By Hudson Cattell: From Wine East Magazine, July-August 1986

By special permission December 2003

They threw a party for George Hostetter on June 18, and his friends showed up to wish him well. The formal invitations from Brights Wines were more restrained in tone, inviting the recipient "to attend an evening in honor of George Hostetter on the occasion of his retirement after 46 years of dedicated service to Brights Wines and the Canadian Wine Industry."

Curiously, perhaps, there were no reminiscences from the speaker's podium during dinner and no recitation of accomplishments. The wine served at the reception was HostetterTrockenweiss, a sparkling wine introduced by Brights in October, 1984, in George's honor. There were, to be sure, appropriate presentations by Edward S. Arnold, president of Brights, and others, and a toast to George and his family.

Only the guest list, the names signed to the telegrams read to George during dinner, gave any indication of what George's contributions were to Brights and to the Canadian wine industry. There were present and past associates at Brights, Canadian government officials, scientists from the United States and Canada, winemakers and many others.
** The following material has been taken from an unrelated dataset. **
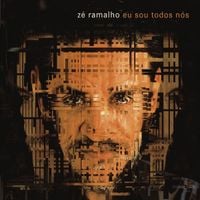 Zé Ramalho - Eu Sou Todos N&oacute;s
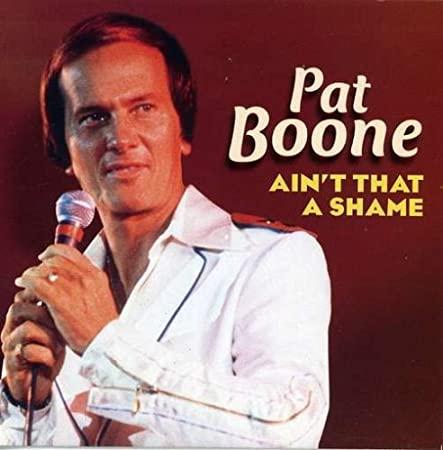 Boone, Pat - Ain't That a Shame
They were all George's friends, and they had all come simply to drink a glass of wine with him.

"If you're going to write about me, don't make it sound like an obituary," George warned one well-intentioned journalist. Probably nobody in the room knew everything George had done during his career. He is best known for his pioneering work in growing the vinifera and French hybrids (see the accompanying article), and for which he received the American Wine Society's Award of Merit in 1979. Many of those present knew that George was instrumental in re-establishing grape growing in southwestern Ontario by working with growers in that area and setting up a test vineyard at Harrow. Better known was George's more recent role in setting up the British Columbia division of Brights Wines in the 1980s. Virtually forgotten today is the role George played in founding the Niagara Grape and Wine Festival in 1952.
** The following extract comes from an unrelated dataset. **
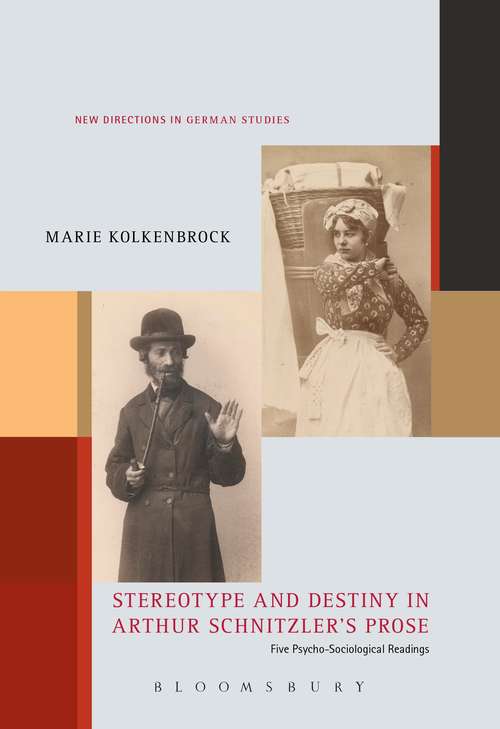 Book cover of Stereotype and Destiny in Arthur Schnitzler’s Prose: Five Psycho-Sociological Readings (New Directions in German Studies #21)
Many of George's most influential accomplishments never received publicity. He was, for example, responsible for securing the government funding that would ultimately benefit not only Brights, but the entire industry: the low temperature studies conducted by John Paroschy at the University of Guelph, and the aerial infrared photography survey project undertaken by the Horticultural Research Institute of Ontario to determine comparative low temperatures at different sites in Ontario.

The Canadian wine press has said much about George, and two comments seem to sum up his career as well as any. From the Toronto Globe and Mail: "Mr. Hostetter has been close to the epicenter of just about every breakthrough in winemaking, not only in Canada, but in the eastern United States;" and from the Toronto Sun: "Nobody has done more to improve the image of Canadian wines over the years than Brights Director of Research George Hostetter."

What made George's retirement dinner a party was that nobody present thought of George as retiring from anything except his post at Brights. One of the few people present with a sense of history was Nelson Shaulis, another "non-retired" retiree from the New York State Agricultural Experiment Station. On his own personal "whim," as he put it, he requested that the picture on page 11 be taken: "George represents viticulture; Germaine de Chaunac, winemaking, and Ollie Bradt, research; and it took all three to make this industry what it is today." Nelson then very firmly refused to join those included in his historical retrospective.